Hoofdstuk 1
Vier belangrijke managementvaardigheden:
Plannen
Organiseren
Leidinggeven
Beheersen
Verschillende niveaus:
Op het niveau van de organisatie
Op het niveau van groepen of afdelingen in een organisatie
Op het niveau van het individu
bij elk niveau bespreken we de vier managementvaardigheden
Wat is een organisatie:
Is een menselijke samenwerking die blijvend is, met een gemeenschappelijk doel. De hoofddoelstelling
van een organisatie is het streven naar het voorbestaan van de organisatie. De externe hoofdoelstelling
is het voorzien in een maatschappelijke behoefte. Dit komt door het synergie-effect.

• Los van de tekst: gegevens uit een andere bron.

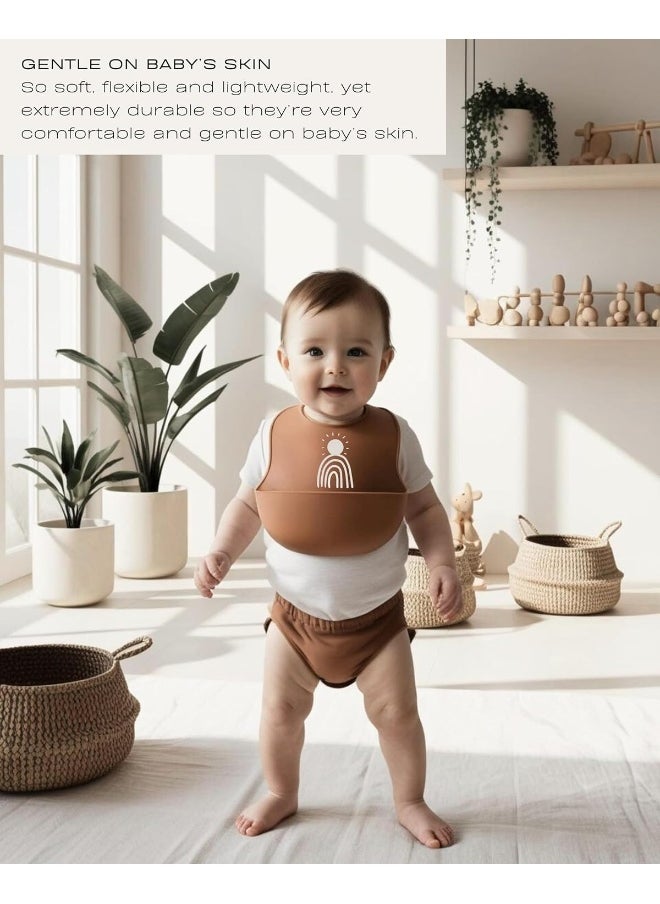 Hippypotamus Silicone Baby Bibs - Soft Waterproof Bibs for Babies & Toddlers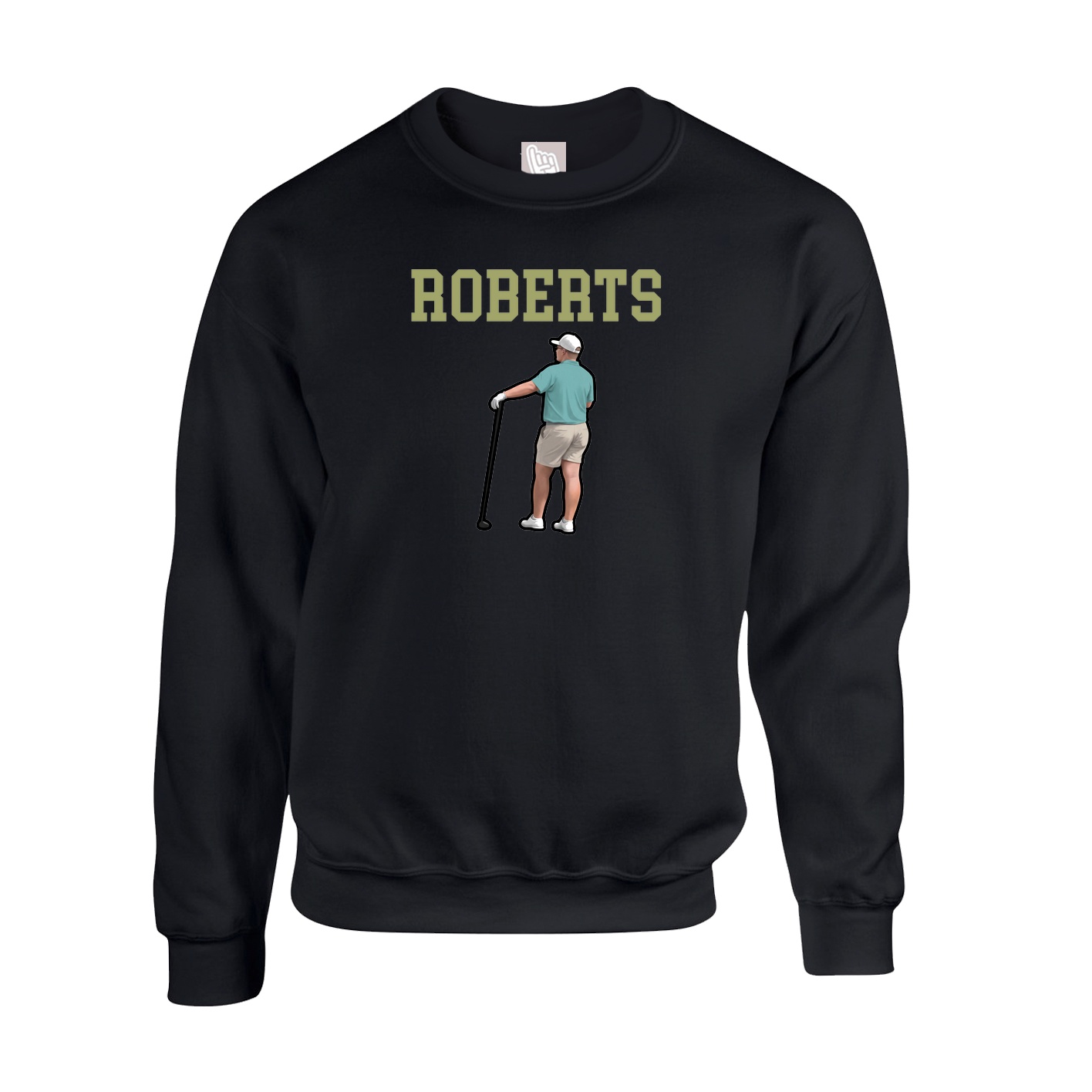 Fleece Crew — Shirsey in Black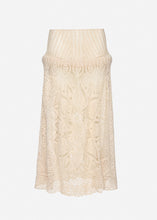 Load image into Gallery viewer, Lace crochet drop-waist skirt in cream
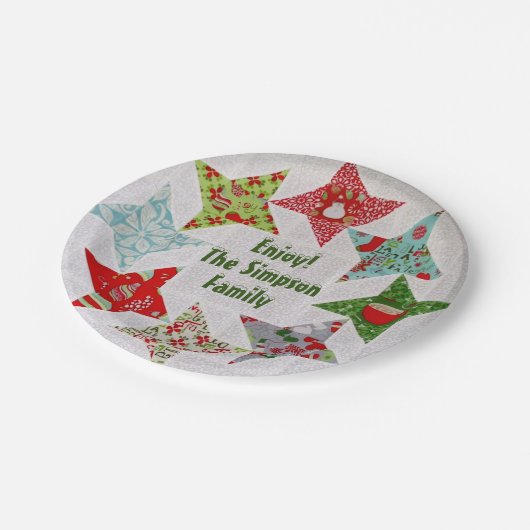 Assiettes En Carton Plaques de papier à écaille de Noël (Angle)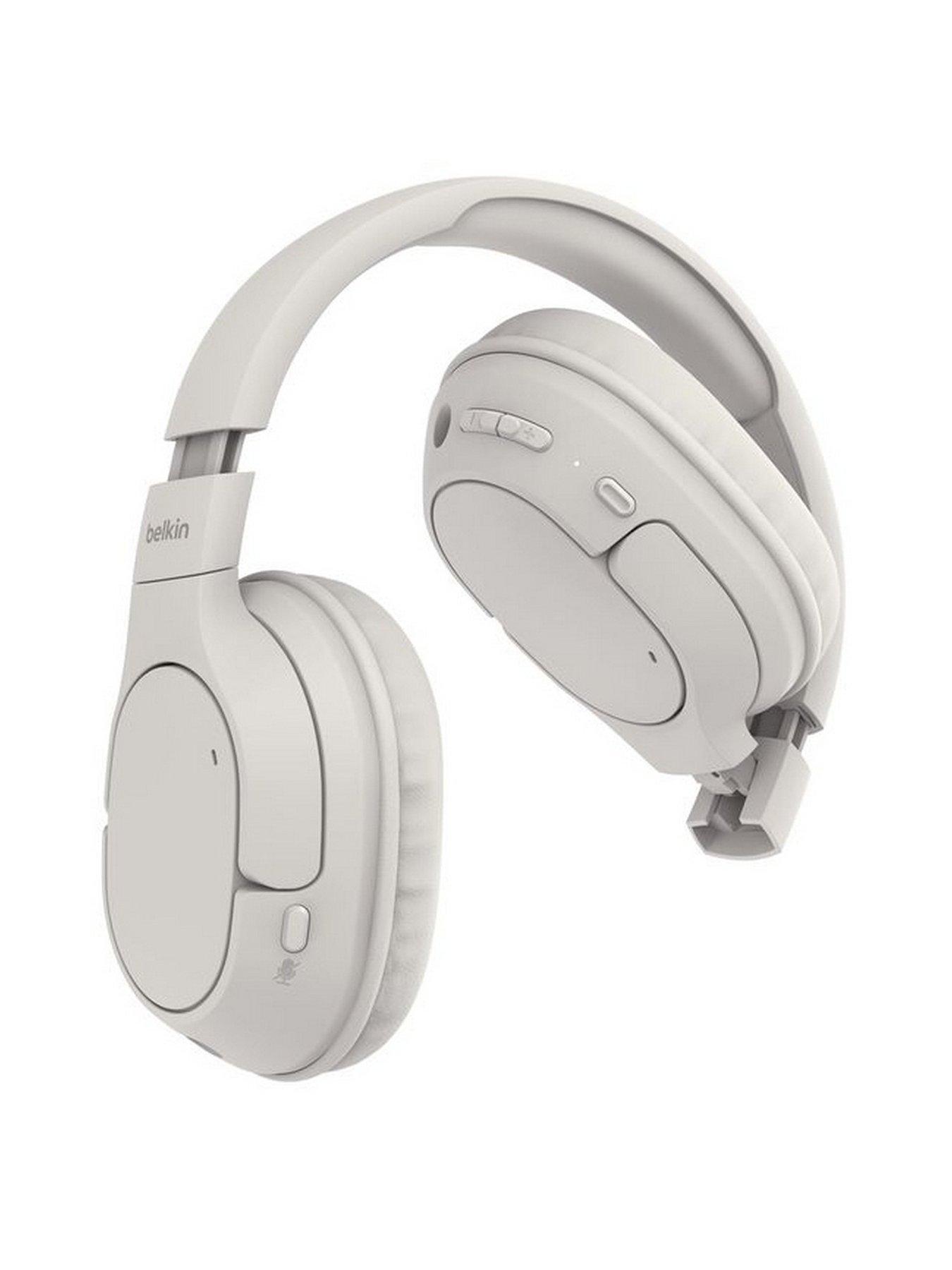 Image 3 of 5 of Belkin Soundform Surround Wireless Over-Ear&nbsp;Headphones - White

Synergie-effect / schaaleffecten:
Dit betekend dat mensen meer bereiken als ze samenwerken dan wanneer iedereen alleen werkt.
BV: wanneer 100 mensen samenwerken aan een schip kunnen ze een veel grotere en beter bood maken.
Als iedereen een eigen schip maakt dan levert iedereen een slechter schip.
Doel voorbestaan van de organisatie:
De hoofddoelstelling van een organisatie is het streven naar het voorbestaan van de organisatie. De
externe hoofdoelstelling is het voorzien in een maatschappelijke behoefte. Als er in de maatschappij
niemand zit te wachten om in te gaan werken of er producten of diensten te nemen. Dan is de
organisatie overbodig.
Verschillende betekenissen van het begrip organisatie:
Functioneel: is het effectief op elkaar afstemmen van activiteiten
Institutioneel: is een organisatie als instituut met een bepaalde naam en locatie
Instrumenteel: is de manier waarop men de zaak geregeld heeft in een organisatie (taakverdeling,
afstemming, structuur, …)
Organisatie, bedrijf en onderneming:
Organisatie: een menselijke samenwerking dat doelgericht en blijvend is. Sommige organisaties zijn
een bedrijf
Bedrijf: is de organisatie die goederen en of diensten maken, om deze op de afzet
markt te verkopen. Dit is een bedrijf zonder winstoogmerk, ze hebben een ideëel of
maatschappelijk doel BV: waterleidingbedrijf
Onderneming: is een bedrijf met een winstoogmerk. BV: Coca-cola, Gamma, …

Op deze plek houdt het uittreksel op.